Required action.
Please transcribe the listing below in full and word for word, without its pictures.

Given material.
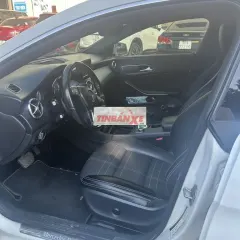 Mercedes-Benz CLA 200 2014 Trắng 5 chỗ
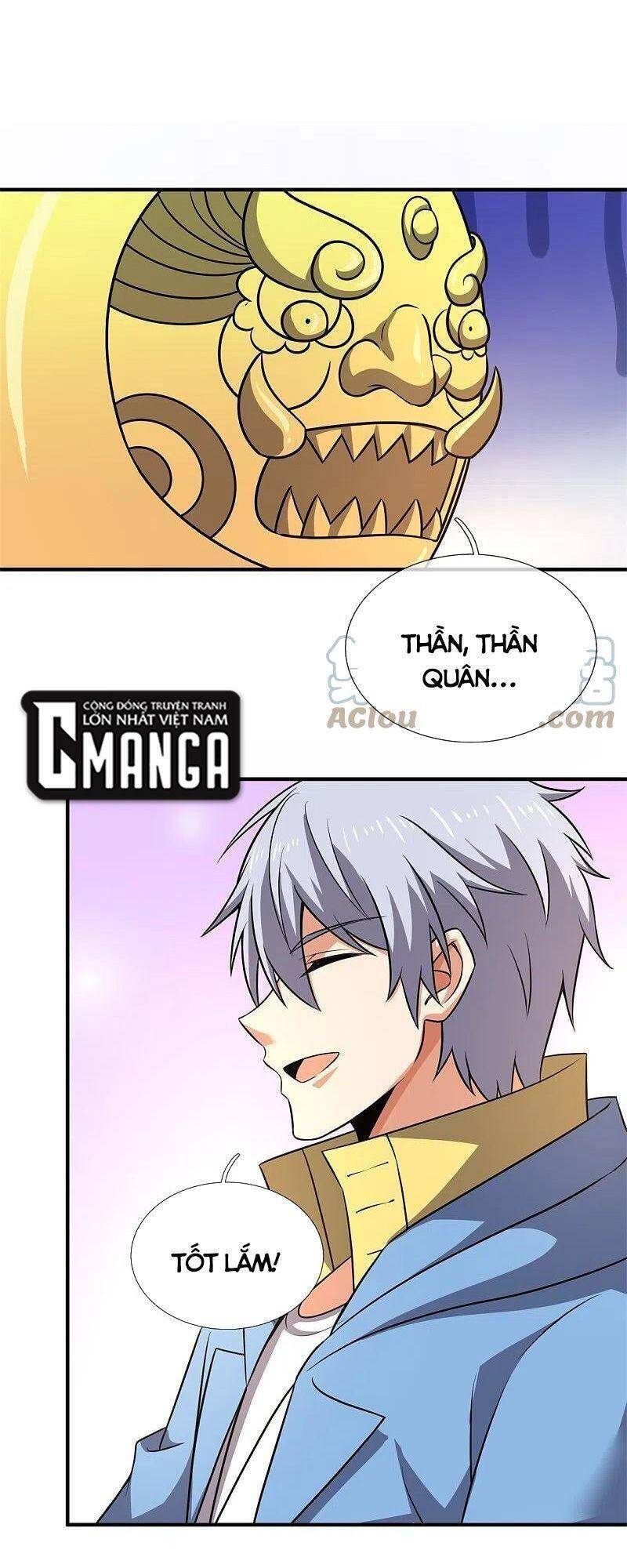 Đô Thị Chi Nghịch Thiên Tiên Tôn Chapter 264 - Trang 2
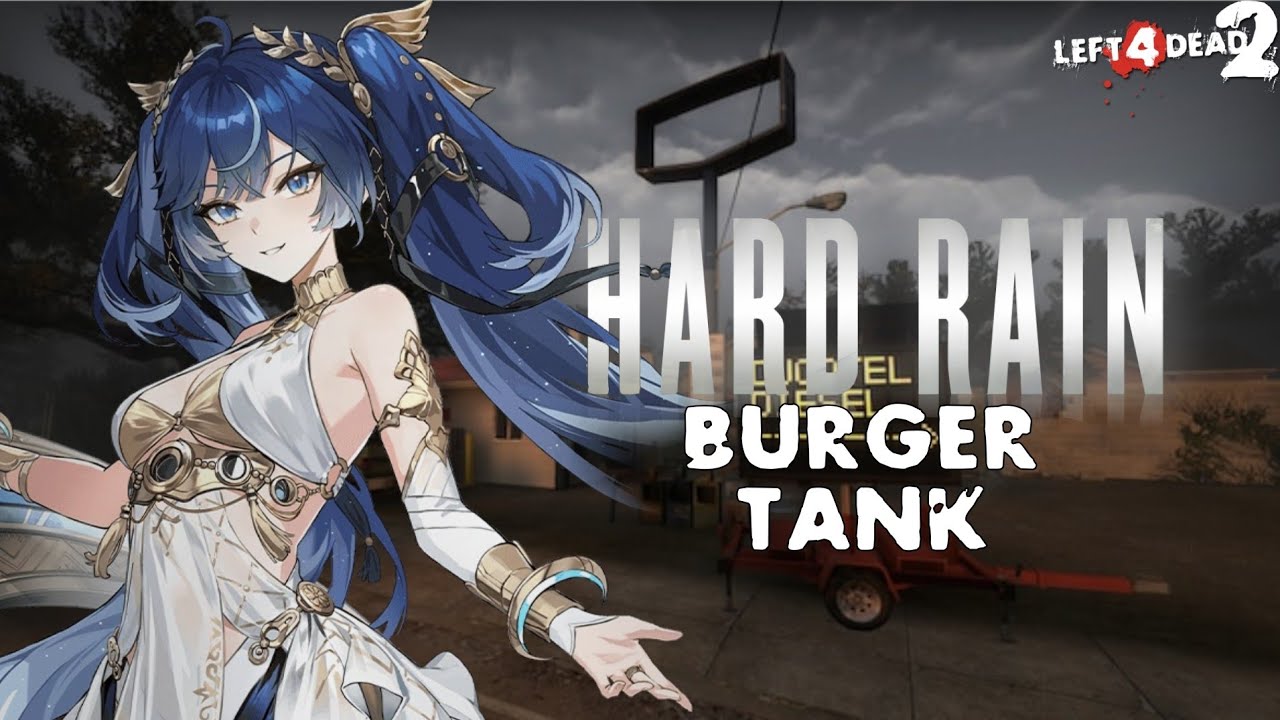 Burger  Tank – Hard Rain – Survival | Wuwa Mods | Left 4 Dead 2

Answer space.
 Mercedes-Benz CLA 200 2014 Trắng 5 chỗ
 Đô Thị Chi Nghịch Thiên Tiên Tôn Chapter 264 - Trang 2
 Burger  Tank – Hard Rain – Survival | Wuwa Mods | Left 4 Dead 2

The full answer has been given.